* _Task instructions_
Output each entry below as it stands, leaving out every picture.

━━━━━ Information supplied

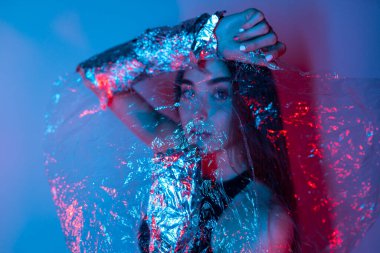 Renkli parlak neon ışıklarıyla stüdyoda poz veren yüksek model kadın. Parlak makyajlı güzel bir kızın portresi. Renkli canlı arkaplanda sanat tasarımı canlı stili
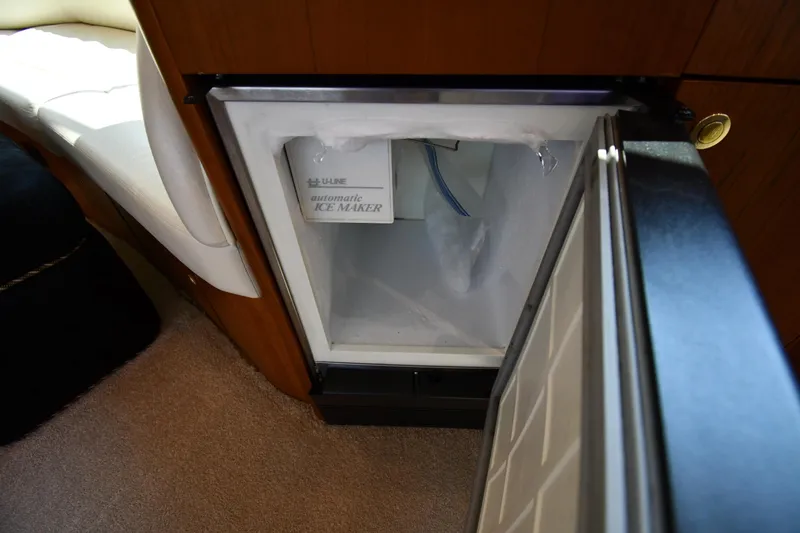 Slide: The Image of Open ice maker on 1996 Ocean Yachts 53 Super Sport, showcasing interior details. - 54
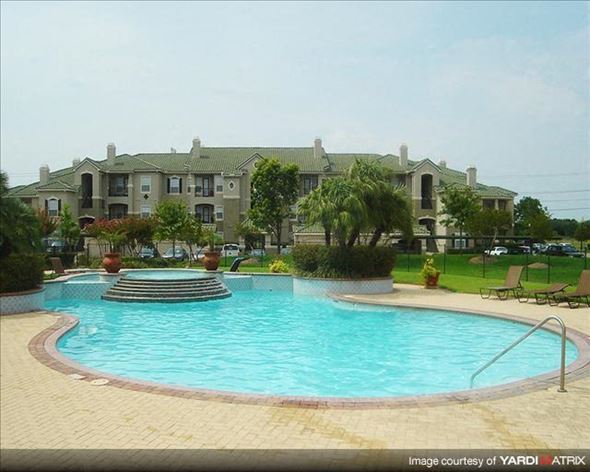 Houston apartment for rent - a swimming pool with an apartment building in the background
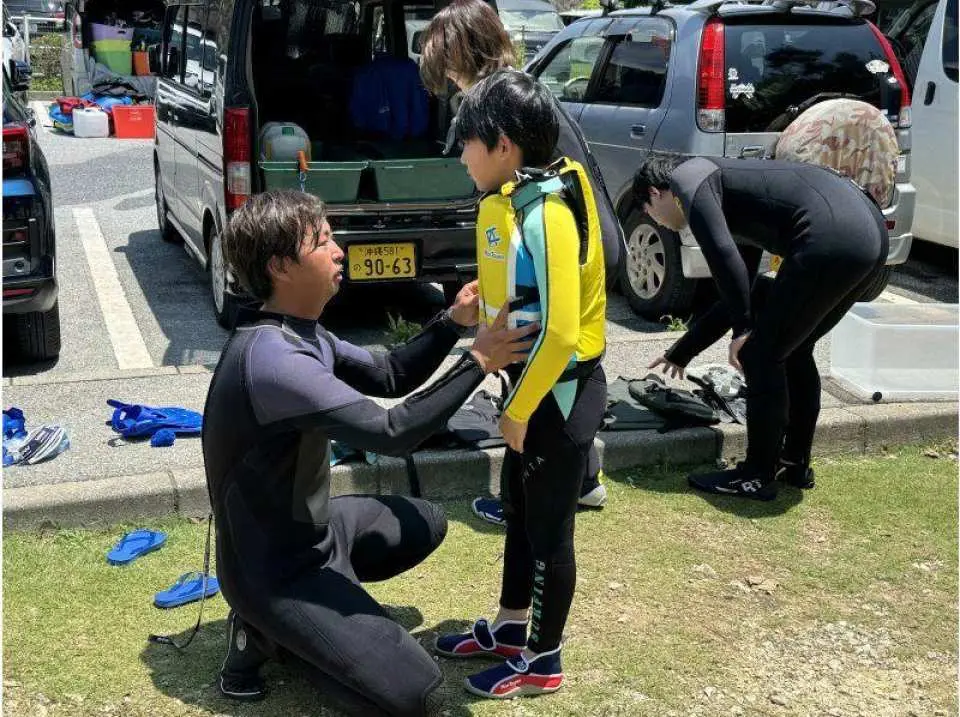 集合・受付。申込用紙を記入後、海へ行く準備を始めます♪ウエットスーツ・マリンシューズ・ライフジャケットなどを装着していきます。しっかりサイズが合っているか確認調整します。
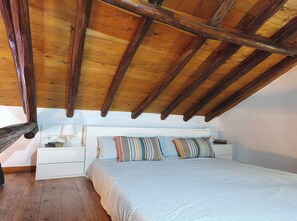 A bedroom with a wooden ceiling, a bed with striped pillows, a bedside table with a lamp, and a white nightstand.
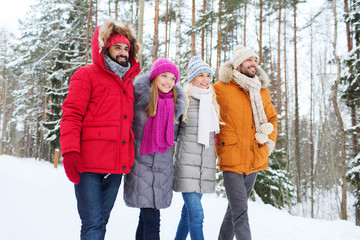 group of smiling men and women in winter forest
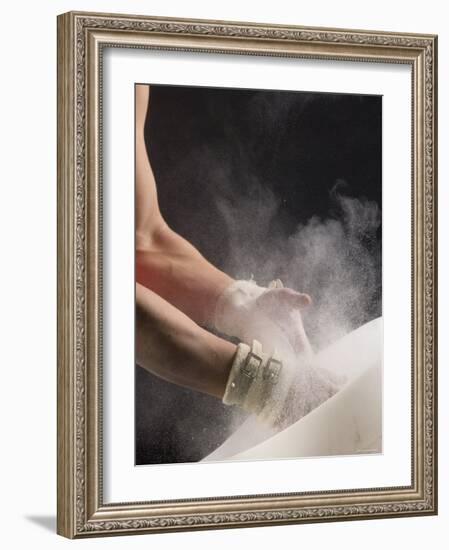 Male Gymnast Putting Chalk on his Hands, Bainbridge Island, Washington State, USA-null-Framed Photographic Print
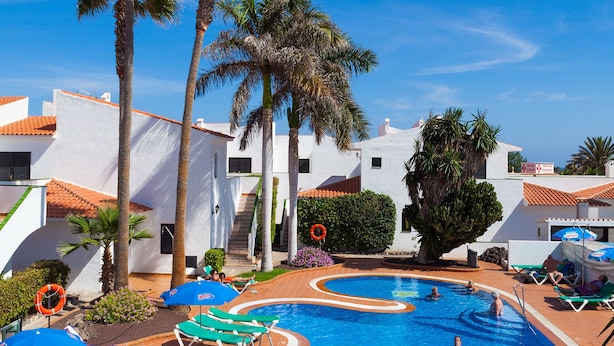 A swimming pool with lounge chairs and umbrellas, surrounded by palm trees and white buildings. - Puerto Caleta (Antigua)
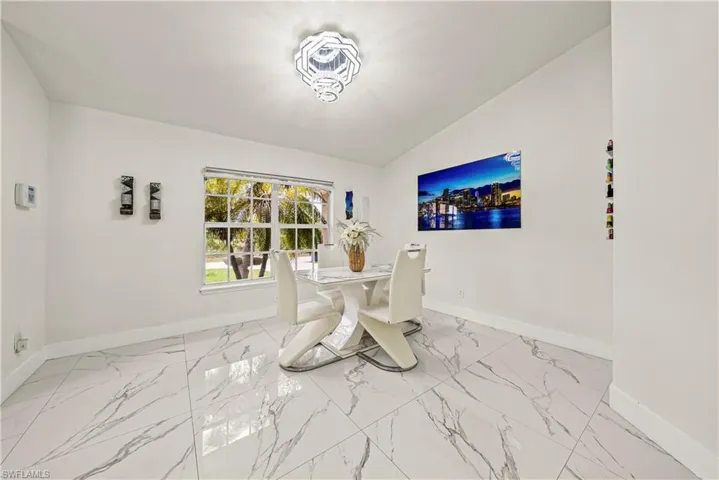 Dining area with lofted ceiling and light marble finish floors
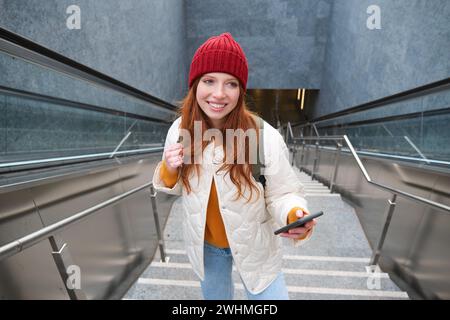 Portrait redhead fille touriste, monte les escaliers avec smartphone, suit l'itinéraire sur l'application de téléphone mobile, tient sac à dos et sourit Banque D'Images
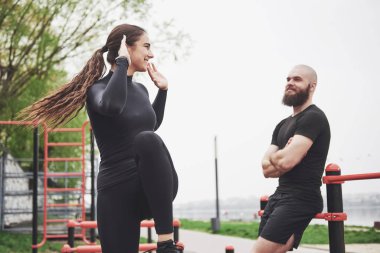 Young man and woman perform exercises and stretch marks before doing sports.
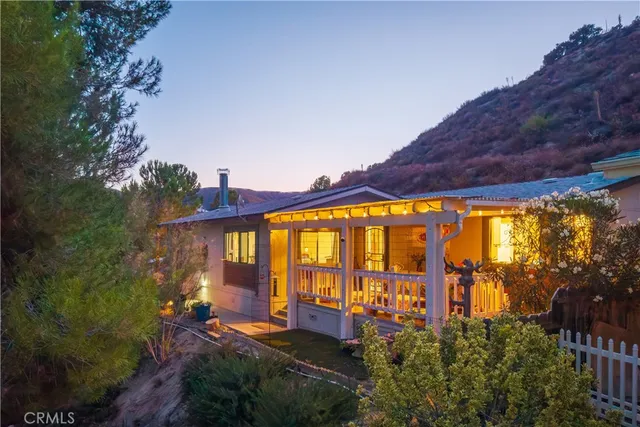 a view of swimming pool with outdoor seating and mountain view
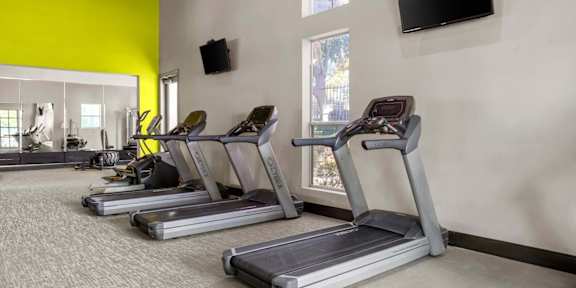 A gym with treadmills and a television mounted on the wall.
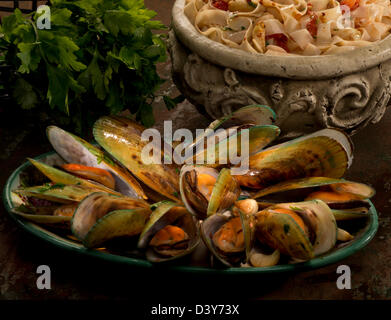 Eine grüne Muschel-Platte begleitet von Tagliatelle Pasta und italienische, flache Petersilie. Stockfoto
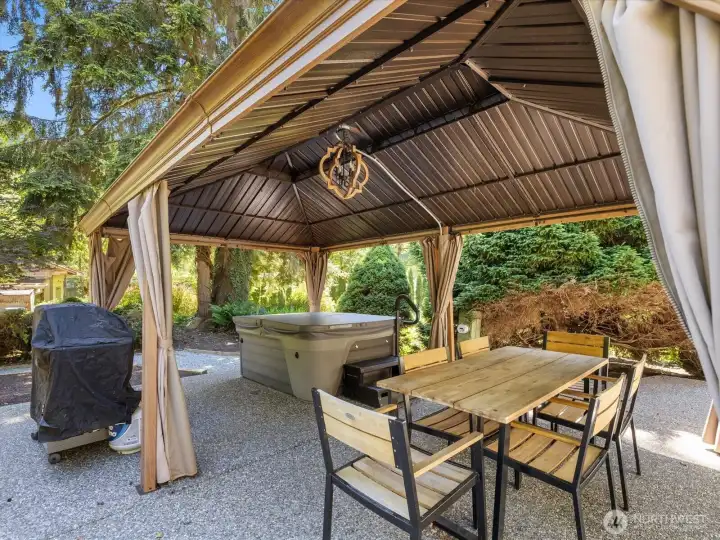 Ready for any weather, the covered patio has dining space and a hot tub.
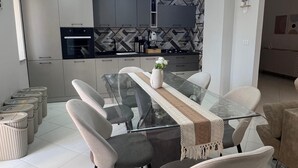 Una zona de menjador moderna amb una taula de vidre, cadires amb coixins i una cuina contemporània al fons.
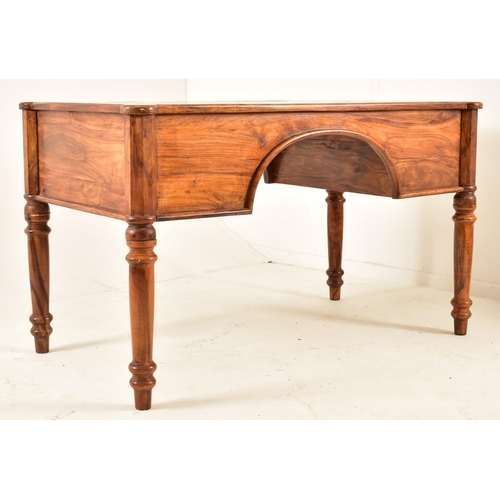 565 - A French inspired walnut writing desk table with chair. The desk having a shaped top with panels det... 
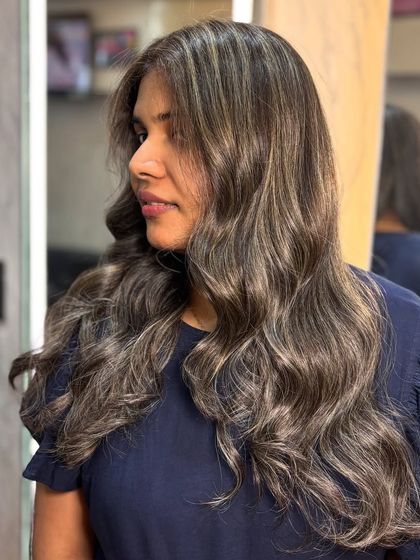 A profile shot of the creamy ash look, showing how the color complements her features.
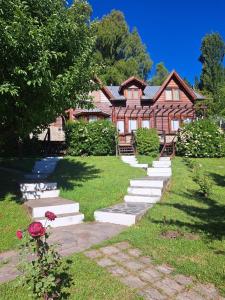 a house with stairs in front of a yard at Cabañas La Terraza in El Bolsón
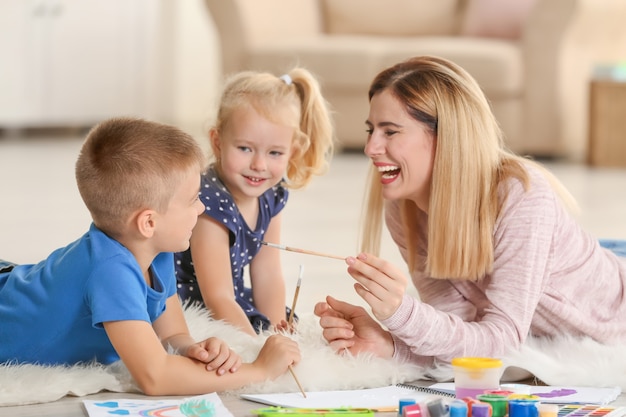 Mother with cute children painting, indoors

━━━━━━━━━━

* _Result of the exercise_
 Renkli parlak neon ışıklarıyla stüdyoda poz veren yüksek model kadın. Parlak makyajlı güzel bir kızın portresi. Renkli canlı arkaplanda sanat tasarımı canlı stili
 Slide: The Image of Open ice maker on 1996 Ocean Yachts 53 Super Sport, showcasing interior details. - 54
 Houston apartment for rent - a swimming pool with an apartment building in the background
 集合・受付。申込用紙を記入後、海へ行く準備を始めます♪ウエットスーツ・マリンシューズ・ライフジャケットなどを装着していきます。しっかりサイズが合っているか確認調整します。
 A bedroom with a wooden ceiling, a bed with striped pillows, a bedside table with a lamp, and a white nightstand.
 group of smiling men and women in winter forest
 Male Gymnast Putting Chalk on his Hands, Bainbridge Island, Washington State, USA-null-Framed Photographic Print
 A swimming pool with lounge chairs and umbrellas, surrounded by palm trees and white buildings. - Puerto Caleta (Antigua)
 Dining area with lofted ceiling and light marble finish floors
 Portrait redhead fille touriste, monte les escaliers avec smartphone, suit l'itinéraire sur l'application de téléphone mobile, tient sac à dos et sourit Banque D'Images
 Young man and woman perform exercises and stretch marks before doing sports.
 a view of swimming pool with outdoor seating and mountain view
 A gym with treadmills and a television mounted on the wall.
 Eine grüne Muschel-Platte begleitet von Tagliatelle Pasta und italienische, flache Petersilie. Stockfoto
 Ready for any weather, the covered patio has dining space and a hot tub.
 Una zona de menjador moderna amb una taula de vidre, cadires amb coixins i una cuina contemporània al fons.
 565 - A French inspired walnut writing desk table with chair. The desk having a shaped top with panels det... 
 A profile shot of the creamy ash look, showing how the color complements her features.
 a house with stairs in front of a yard at Cabañas La Terraza in El Bolsón
 Mother with cute children painting, indoors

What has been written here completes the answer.